> Work item
Exactly the lines from the start of the entries through the line with "It also connects" are required in the output, with no pictures among them.

> Data extract
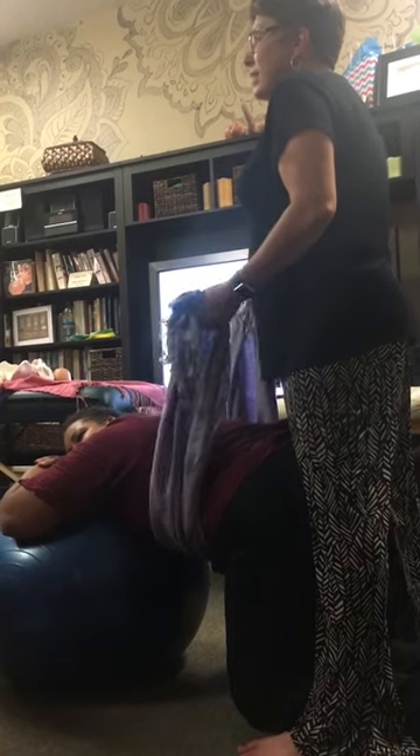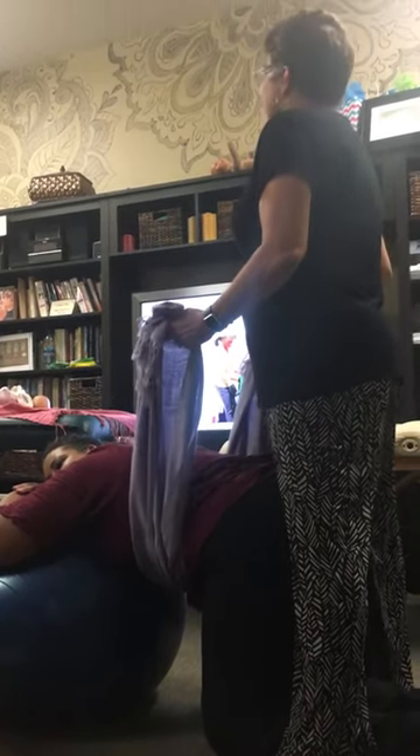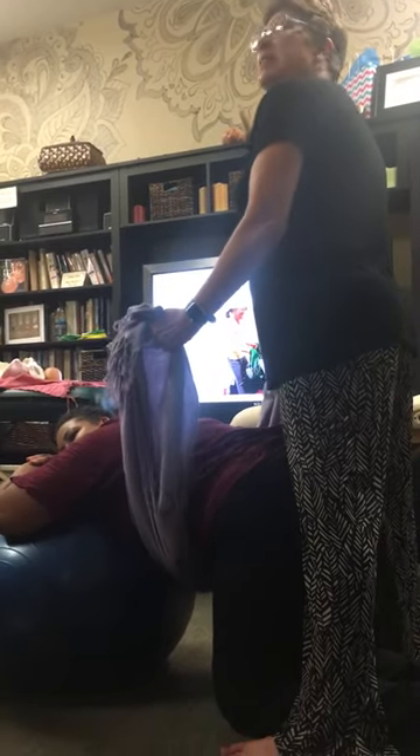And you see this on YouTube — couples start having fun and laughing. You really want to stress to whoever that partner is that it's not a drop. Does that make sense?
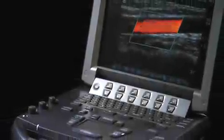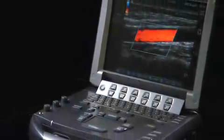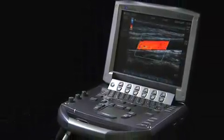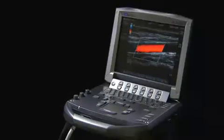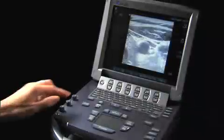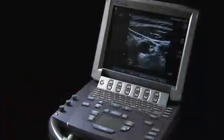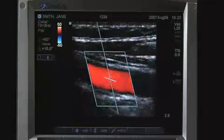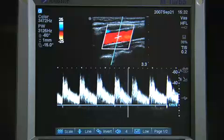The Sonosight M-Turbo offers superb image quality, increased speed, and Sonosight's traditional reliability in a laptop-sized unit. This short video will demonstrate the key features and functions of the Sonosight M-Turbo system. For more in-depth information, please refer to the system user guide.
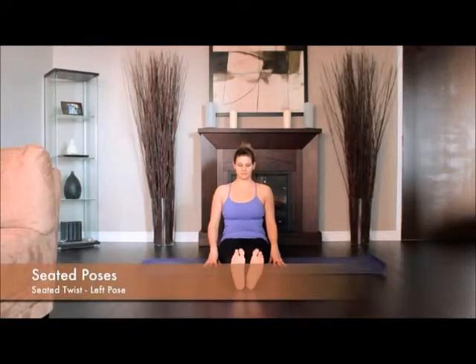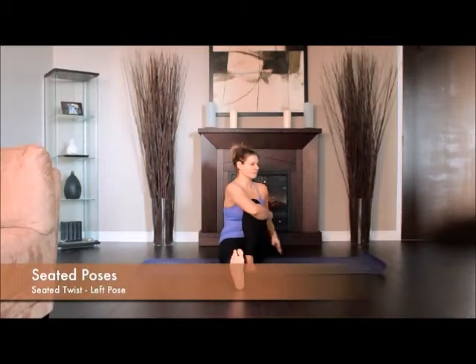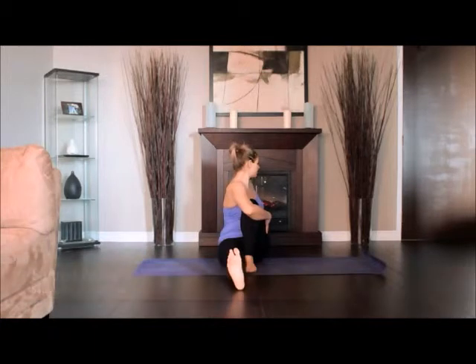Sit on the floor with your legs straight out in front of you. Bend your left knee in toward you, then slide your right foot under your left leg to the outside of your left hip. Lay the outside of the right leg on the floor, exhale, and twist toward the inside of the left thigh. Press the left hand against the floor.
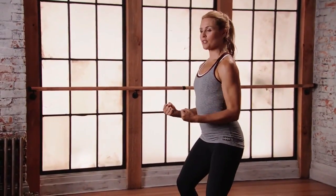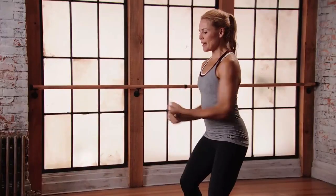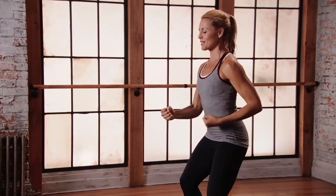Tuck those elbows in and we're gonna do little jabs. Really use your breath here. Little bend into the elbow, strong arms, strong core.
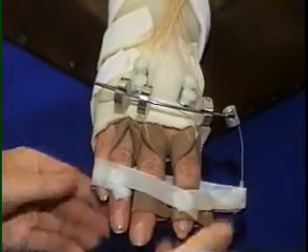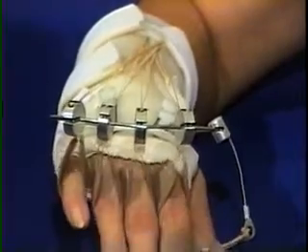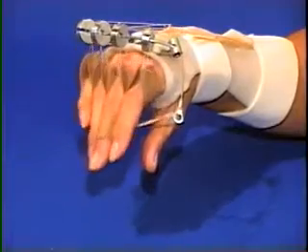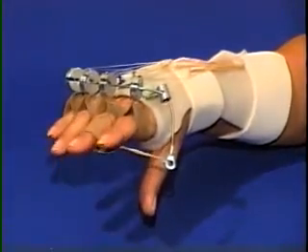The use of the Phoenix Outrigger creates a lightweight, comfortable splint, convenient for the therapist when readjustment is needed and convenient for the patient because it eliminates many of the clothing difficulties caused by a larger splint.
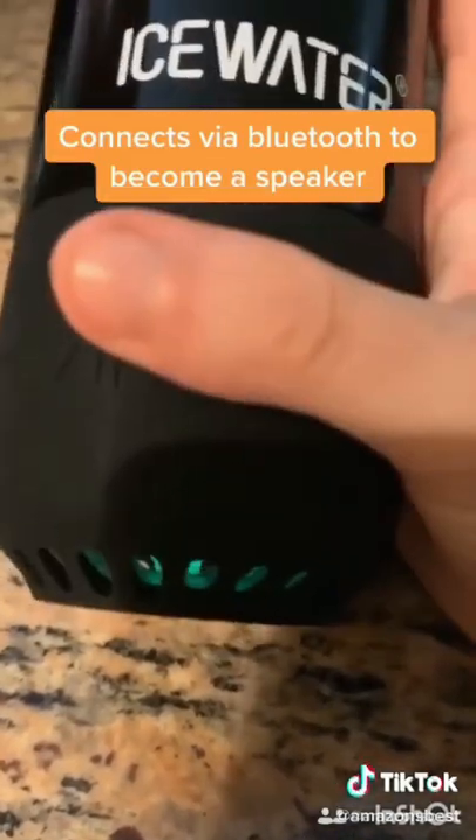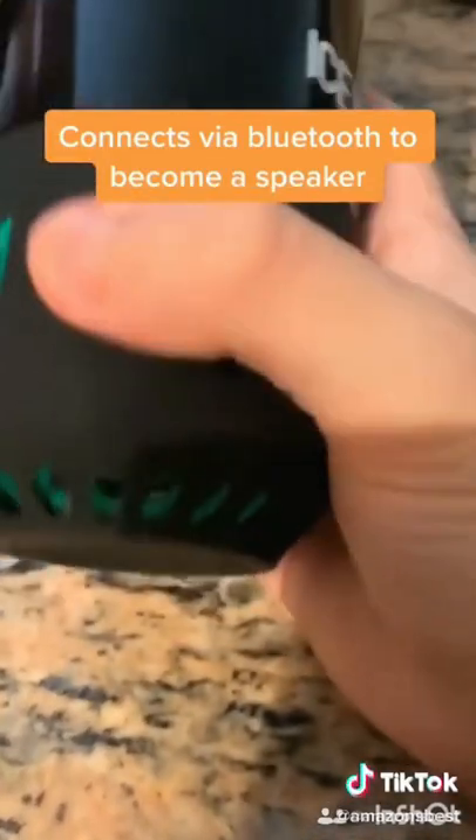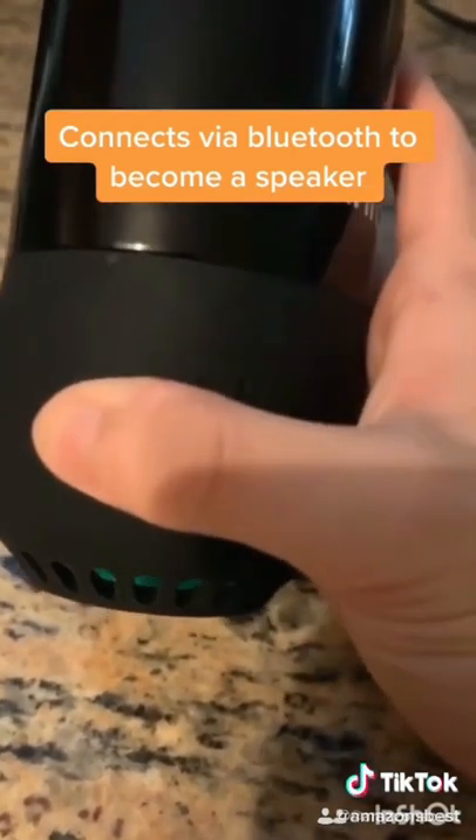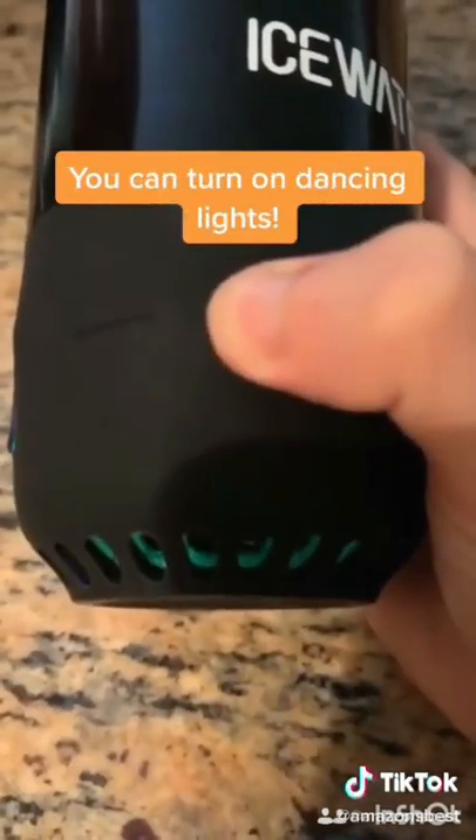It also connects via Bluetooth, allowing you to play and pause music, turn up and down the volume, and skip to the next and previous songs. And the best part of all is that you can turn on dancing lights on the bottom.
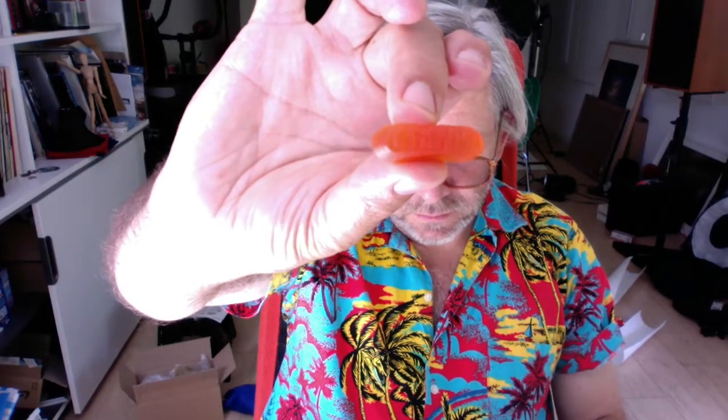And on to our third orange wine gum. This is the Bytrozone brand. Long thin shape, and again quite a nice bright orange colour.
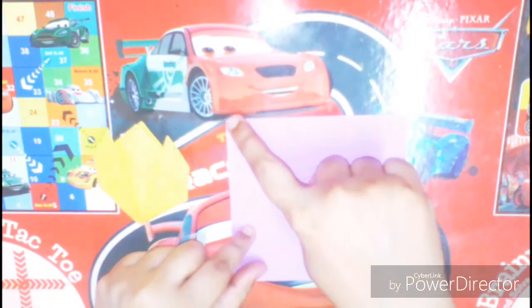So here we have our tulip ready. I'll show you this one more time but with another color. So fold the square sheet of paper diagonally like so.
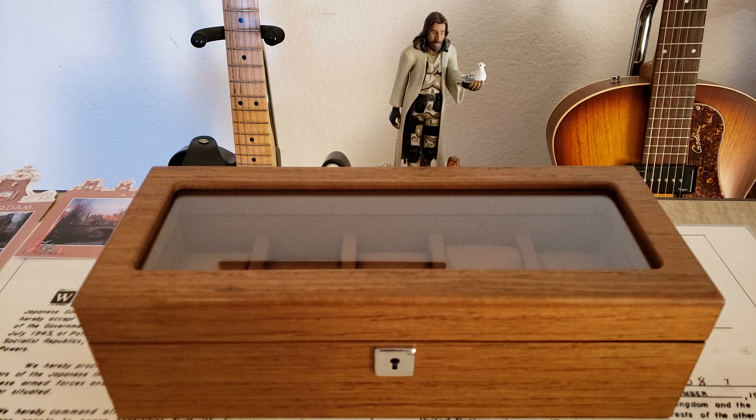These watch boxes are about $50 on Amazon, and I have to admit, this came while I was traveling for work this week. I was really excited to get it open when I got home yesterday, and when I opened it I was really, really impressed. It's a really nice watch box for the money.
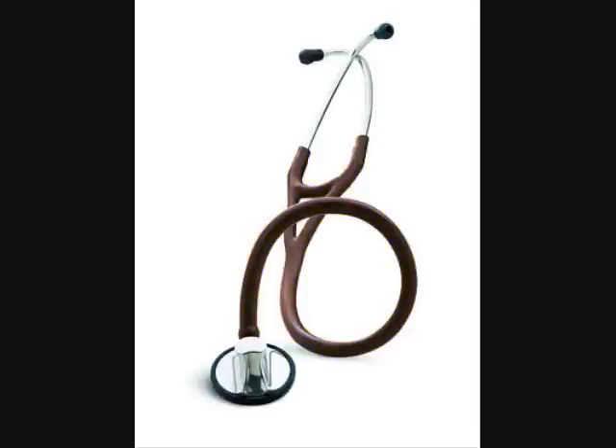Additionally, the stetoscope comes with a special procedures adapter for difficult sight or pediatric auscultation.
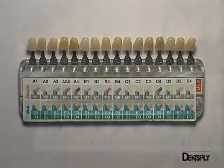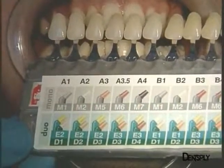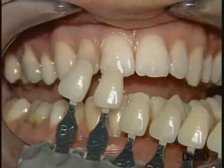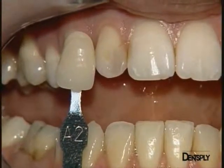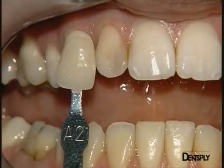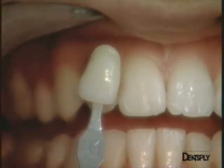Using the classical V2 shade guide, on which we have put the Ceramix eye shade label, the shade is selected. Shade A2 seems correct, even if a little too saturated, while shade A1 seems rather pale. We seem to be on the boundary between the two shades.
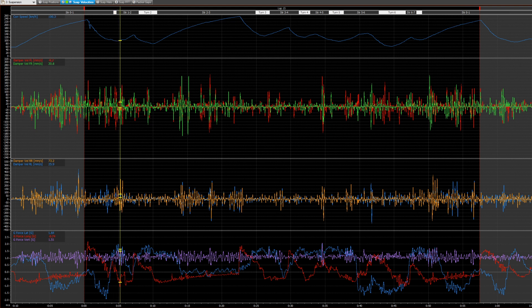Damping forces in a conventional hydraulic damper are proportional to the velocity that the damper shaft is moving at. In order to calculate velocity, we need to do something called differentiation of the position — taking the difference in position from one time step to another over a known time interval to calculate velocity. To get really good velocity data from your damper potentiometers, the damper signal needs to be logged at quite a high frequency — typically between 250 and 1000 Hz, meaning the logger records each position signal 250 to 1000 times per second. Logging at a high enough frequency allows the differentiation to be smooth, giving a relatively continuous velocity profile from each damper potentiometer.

> Answer box
And you see this on YouTube — couples start having fun and laughing. You really want to stress to whoever that partner is that it's not a drop. Does that make sense?
The Sonosight M-Turbo offers superb image quality, increased speed, and Sonosight's traditional reliability in a laptop-sized unit. This short video will demonstrate the key features and functions of the Sonosight M-Turbo system. For more in-depth information, please refer to the system user guide.
Sit on the floor with your legs straight out in front of you. Bend your left knee in toward you, then slide your right foot under your left leg to the outside of your left hip. Lay the outside of the right leg on the floor, exhale, and twist toward the inside of the left thigh. Press the left hand against the floor.
Tuck those elbows in and we're gonna do little jabs. Really use your breath here. Little bend into the elbow, strong arms, strong core.
The use of the Phoenix Outrigger creates a lightweight, comfortable splint, convenient for the therapist when readjustment is needed and convenient for the patient because it eliminates many of the clothing difficulties caused by a larger splint.
It also connects via Bluetooth, allowing you to play and pause music, turn up and down the volume, and skip to the next and previous songs. And the best part of all is that you can turn on dancing lights on the bottom.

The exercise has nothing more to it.